If you’re testing then add AND patch=29 to make this faster

Running as a batch job#

Create a submission script, mine looks something like this (I suspect I don’t have to specify the shifter image twice but I’m not sure which is necessary so I’ve left it). Run_pipetask.sh has to have executable permissions, and you would need an srun in front of the last line if you want to run multiple tasks.

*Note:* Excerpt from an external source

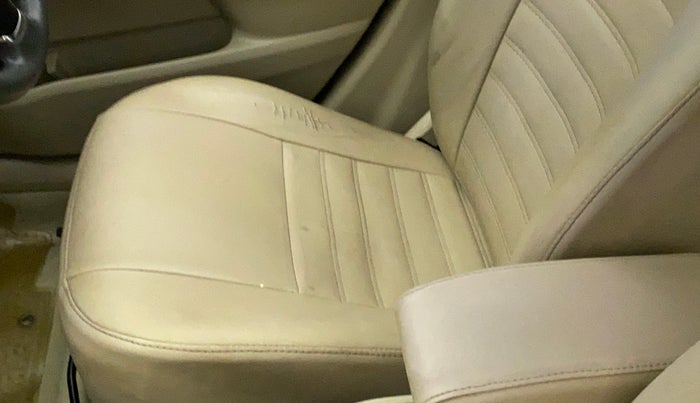 2015 Maruti Ciaz VDI SHVS, Diesel, Manual, 1,14,513 km, Driver seat - Cover slightly torn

Note here I’m using the shared queue with only 8 cpus per task. This is because the step I’m running doesn’t have much threading or take up much memory, so I can use less of the machine and reduce our charging while running for longer. Use with caution!

#!/bin/bash
#SBATCH -A m1727
#SBATCH -C cpu
#SBATCH -q shared
#SBATCH -t 12:00:00
#SBATCH --nodes=1
#SBATCH --ntasks=1
#SBATCH --cpus-per-task 8
#SBATCH --image=lsstsqre/centos:7-stack-lsst_distrib-w_2024_10


export OMP_PROC_BIND=spread
export OMP_PLACES=threads
export OMP_NUM_THREADS=8

shifter --image=lsstsqre/centos:7-stack-lsst_distrib-w_2024_10 ./run_pipetask.sh

My run_pipetask.sh file looks like this (and yes the #!/bin/sh is necessary):

#!/bin/sh

source /opt/lsst/software/stack/loadLSST.bash
setup lsst_distrib

pipetask --long-log --log-file test.log run -b '/global/cfs/cdirs/lsst/production/gen3/DC2/Run2.2i/repo/butler-schema-migration.yaml' -i 'u/descdm/coadds_Y1_4430','u/plarsen/ssi_test_schemamigration2' -p test-injection-new.yaml#step3c -d "band='g' AND tract=4430 AND skymap='DC2'" -o 'u/plarsen/ssi_test_injected_schemamigration2' --register-dataset-types -j8

Then submit this in the normal way with

sbatch run_injection.sh

And to look at the status use

squeue –me

Note:

for step 3 to run correctly I had to remove links to truth matching from your pipeline yaml file , as I didn’t have the truth catalogs ingested into the butler. Once a fix is found for this we can add it to the notes.

Now continue to run

pipetask --long-log --log-file test.log run -b '/global/cfs/cdirs/lsst/production/gen3/DC2/Run2.2i/repo/butler-schema-migration.yaml' -i 'u/descdm/coadds_Y1_4430','u/plarsen/ssi_test_schemamigration2' -p test-injection-new.yaml#step2 -d "band='g' AND tract=4430 AND skymap='DC2'" -o 'u/plarsen/ssi_test_injected_schemamigration2' --register-dataset-types -j64

And for step3, it will run the injection as part of this, and then measure object catalogs out of it, watch out though things like the deblender take a long time to run!

pipetask --long-log --log-file test.log run -b '/global/cfs/cdirs/lsst/production/gen3/DC2/Run2.2i/repo/butler-schema-migration.yaml' -i 'u/descdm/coadds_Y1_4430','u/plarsen/ssi_test_schemamigration2' -p test-injection-new.yaml#step3 -d "band='g' AND tract=4430 AND skymap='DC2'" -o 'u/plarsen/ssi_test_injected_schemamigration2' --register-dataset-types -j64

Then theoretically you should be done!